- **Your goal**
Could you copy exactly the lines below, beginning at the line with "2007 Jeep Liberty" and stopping after the line with "2022 Land Rover - Image 19 of 31", with no pictures?

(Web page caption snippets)
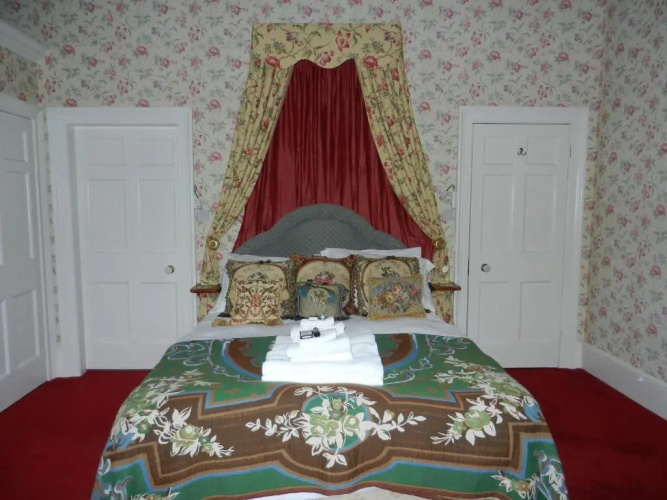 Circus House Apartment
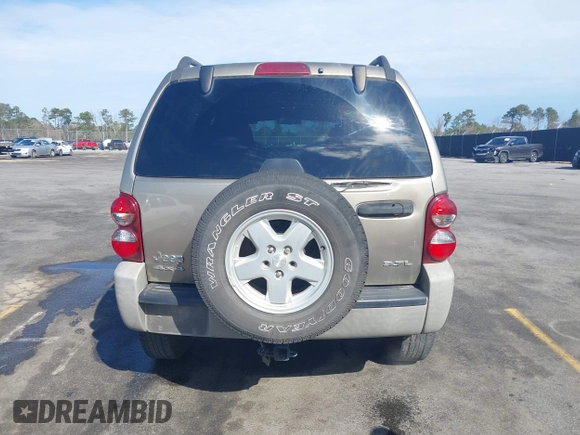 2007 Jeep Liberty Sport with VIN 1J4GL48K47W537636, listed as a IAAI auction lot 41740319 with 237,826 mi miles. Bid and sale history available at carsss.com. Image 16.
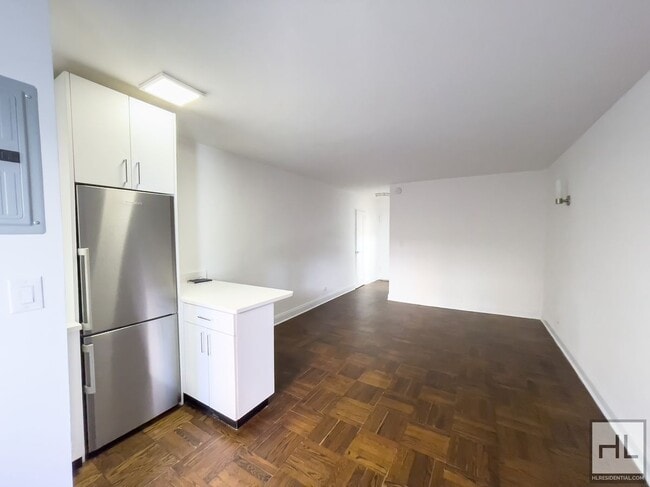 Building Photo - EAST 35 STREET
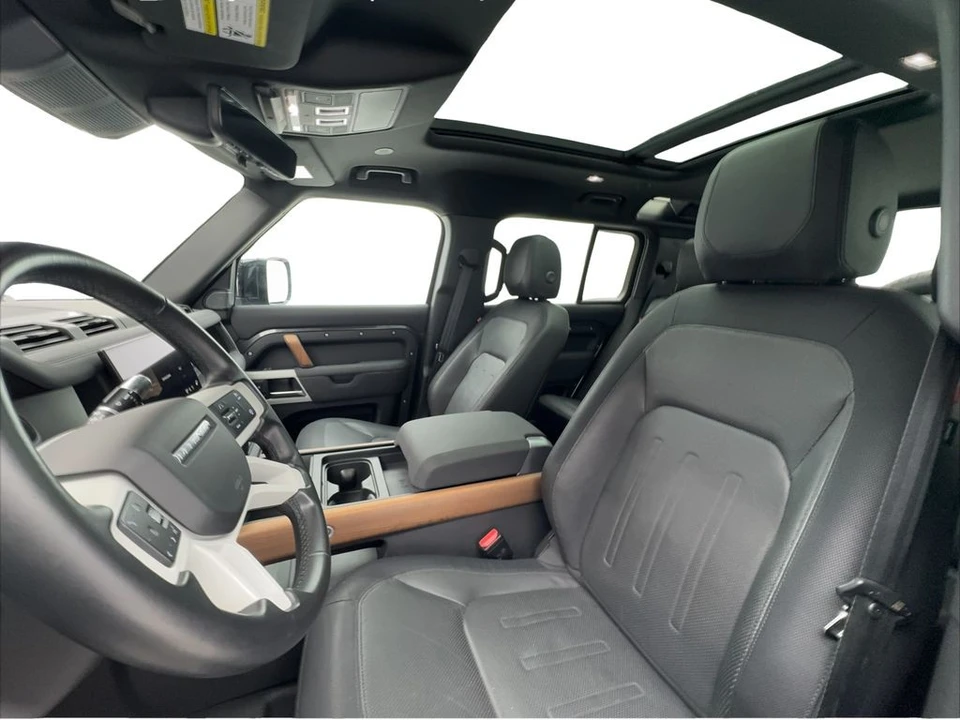2022 Land Rover - Image 19 of 31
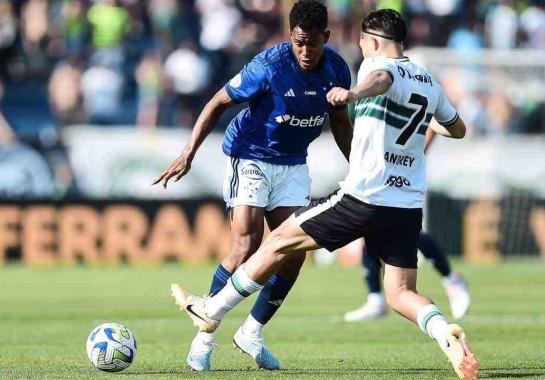 Derrota do Cruzeiro para o Coritiba, penúltimo colocado da Série A, complicou ainda mais a situação do time celeste na competição -  (crédito: Staff Images/Cruzeiro)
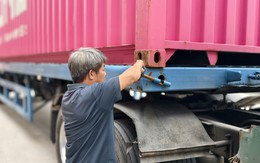 Theo xe đầu kéo 'cân đo' giữa cao tốc và quốc lộ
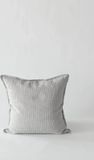 Tell Me More Housse de coussin à rayures - Gris Lin - 50x50cm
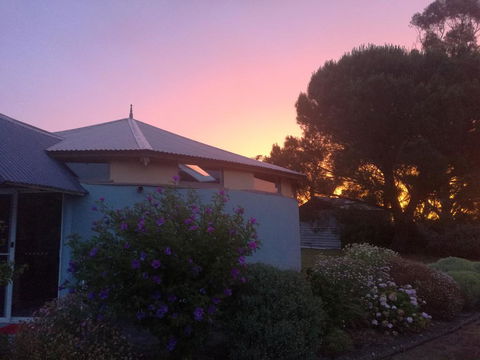 A Victor Harbour Retreat Aldinga-The Round Cottage - Holiday Sunshine Coast 1
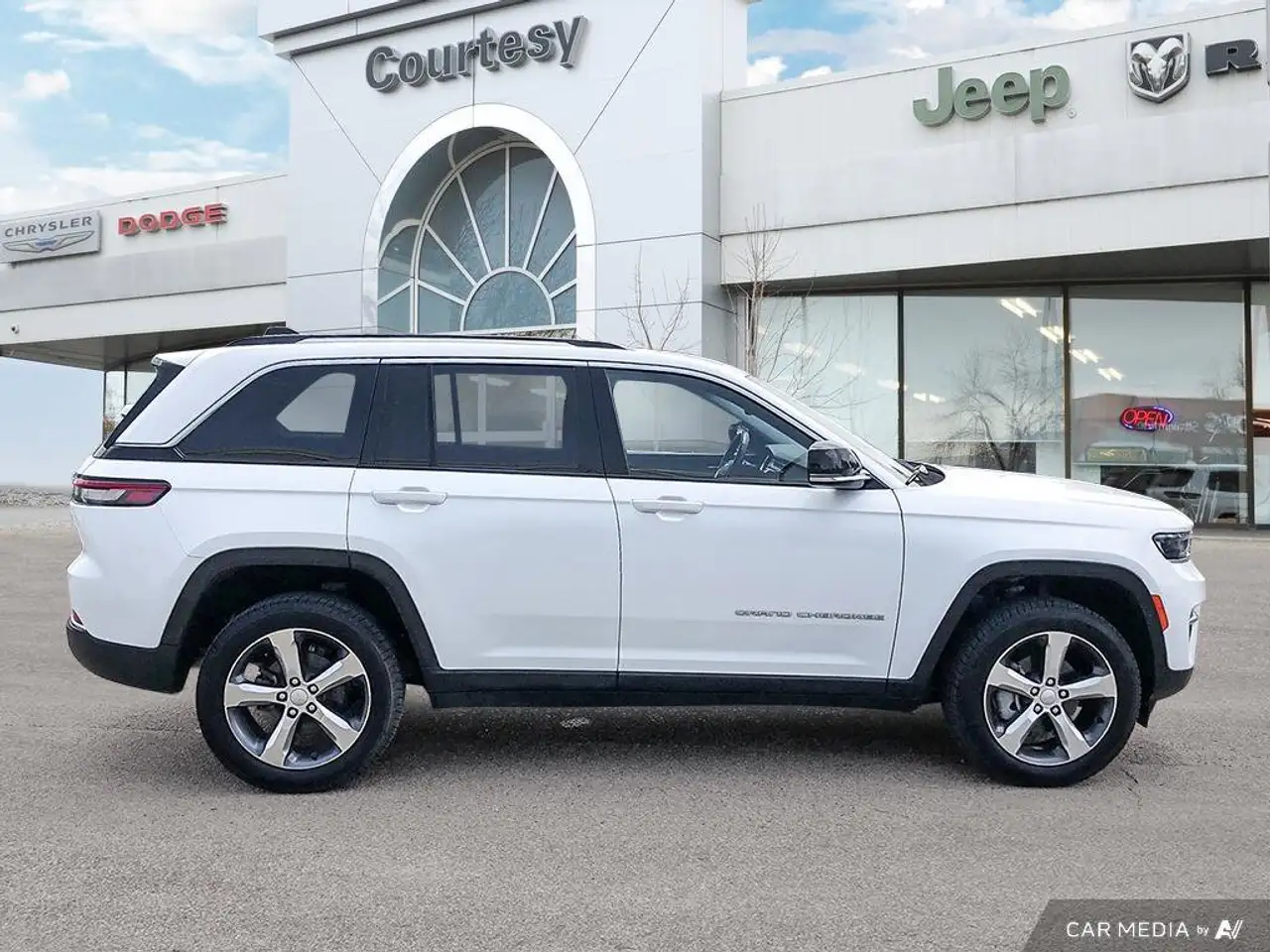 Jeep Grand Cherokee снимка Jeep Grand Cherokee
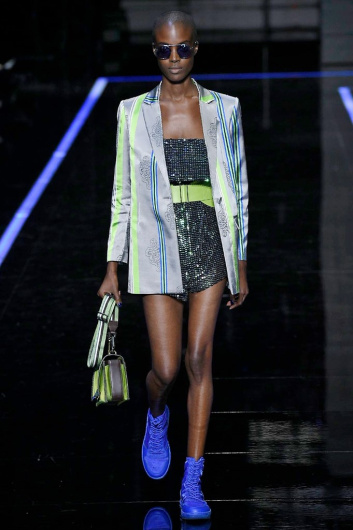Fotoservizio/SS 2019/WOMEN/SFILATA/EMPORIO ARMANI/DP2/121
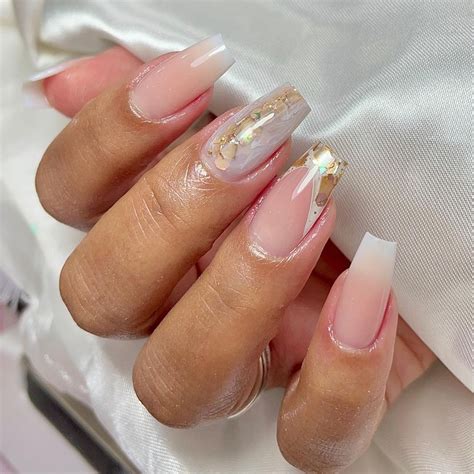 Unhas Discretas E Elegantes - Unhas de gel decoradas: 60 opções diferenciadas e elegantes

- **Answer to this task**
 2007 Jeep Liberty Sport with VIN 1J4GL48K47W537636, listed as a IAAI auction lot 41740319 with 237,826 mi miles. Bid and sale history available at carsss.com. Image 16.
 Building Photo - EAST 35 STREET
2022 Land Rover - Image 19 of 31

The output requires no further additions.